Carolyn Forche’s poems and essays brought the term “poetry of witness” into our modern vocabulary. Her ability to merge the personal and political in her work helped me approach how to talk about my homelessness in my first collection of poetry. I can’t imagine being a writer without her influence.

Robert Hayden

Robert Hayden is an overlooked titan of American Poetry. His blunt, ruthless poems cut through fat in every way–from his metaphors to his often dark subjects. I don’t know a single person who, after reading his work, wasn’t changed fundamentally.

Kim Hyesoon

Kim Hyesoon is like that mean, cool punk chick that everyone secretly wants to be BFFs with in high school. Her poetry makes the grotesque fabulous and the ugly beautiful, and I worship that quality in her verse.

Danez Smith

Nobody makes the tragic funny or the funny tragic like Danez Smith. I’ve been teaching “Dinosaurs in the Hood” to my students since the poem was written. I use it as an example of how humor can still be profound and emotional.

Richard Siken

I read Richard Siken’s first book, Crush, when I was still an undergraduate forming my own poetics. His frantic, dramatic verse made obsession so accessible. I still drool at his ability to turn love poetry on its ear.

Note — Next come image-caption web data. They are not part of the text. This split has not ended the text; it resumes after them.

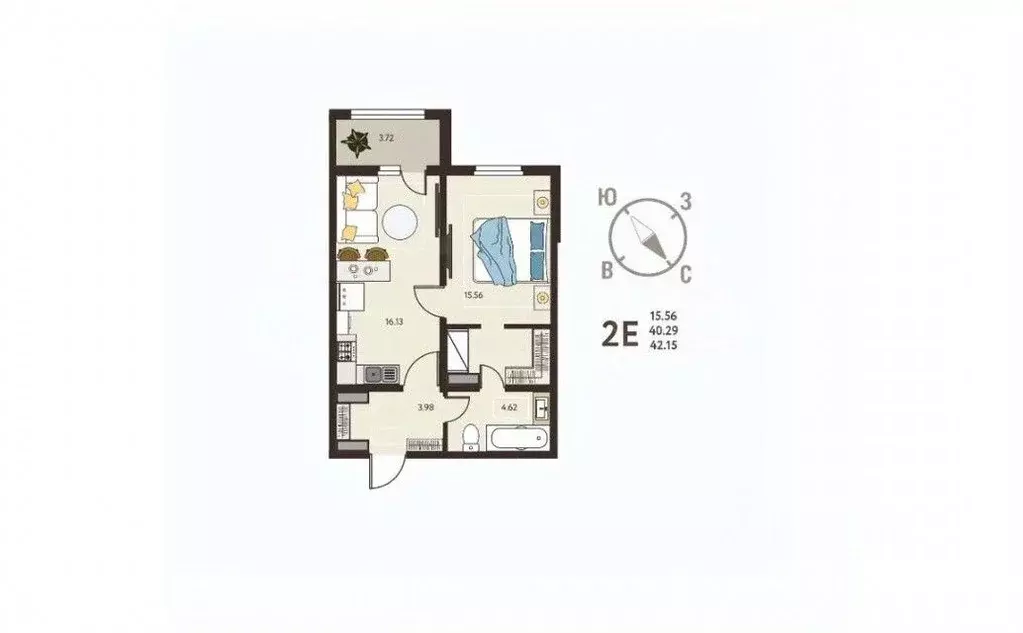 1-к кв. Курская область, Курск ул. Энгельса, 115/6 (42.15 м) - Фото 1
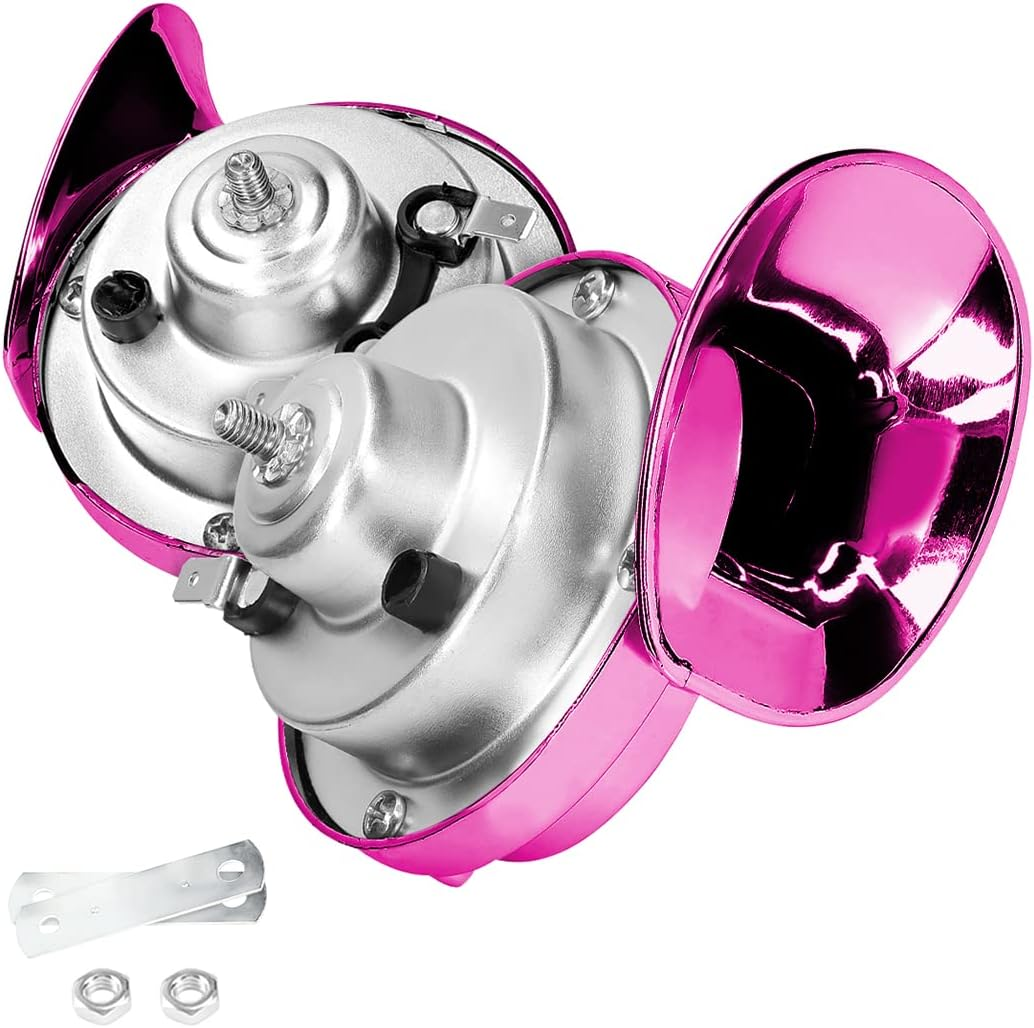 Moly Magnolia 300DB Super Loud Train Horn, 2PCS Car Air Electric Snail Double Horn, 12V Waterproof Air Horns Replacement Kit, Auto Accessories Universal for Motorcycle, Truck, Bike, Boat (Wine Red)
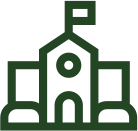 Simple green outline icon of a school building with a central door, windows, and a flag on top.
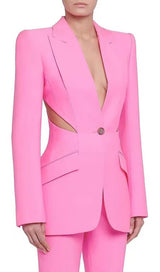 CUTOUT BLAZER SUIT IN PINK styleofcb 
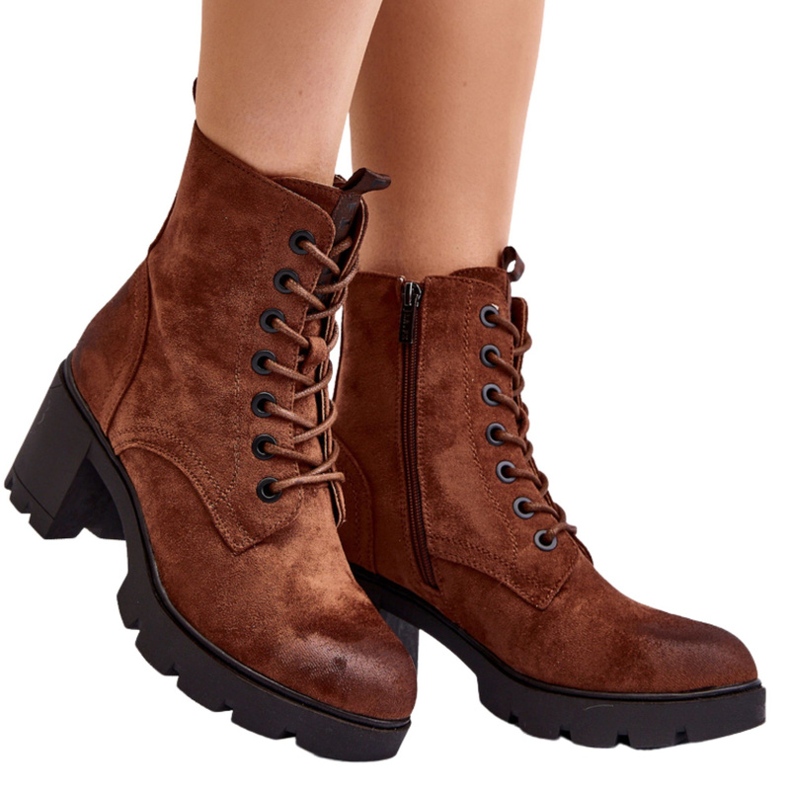 Laura La.Fi Botas femininas marrons de salto alto com cadarço castanho 4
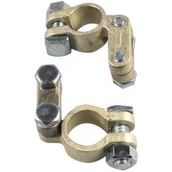 Akcesoria do układu elektrycznego - cartrend Uniwersalne zaciski biegunowe do akumulatora 12 V do standardowych biegunów akumulatora z przyłączem śrubowym, 2 sztuki plus i minus, kątowe - miniaturka - grafika 1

Lauren Brazeal’s first full-length collection is GUTTER (YesYes Books, 2018). In her past, Brazeal has been a homeless gutter-punk, a resident of Ecuador’s Amazon jungle, a maid, a surfer chick, and a custom aquarium designer. A graduate of Bennington’s MFA program in writing and literature, her work has appeared in journals such as Verse Daily, DIAGRAM, Smartish Pace, Barrelhouse, Forklift, Ohio.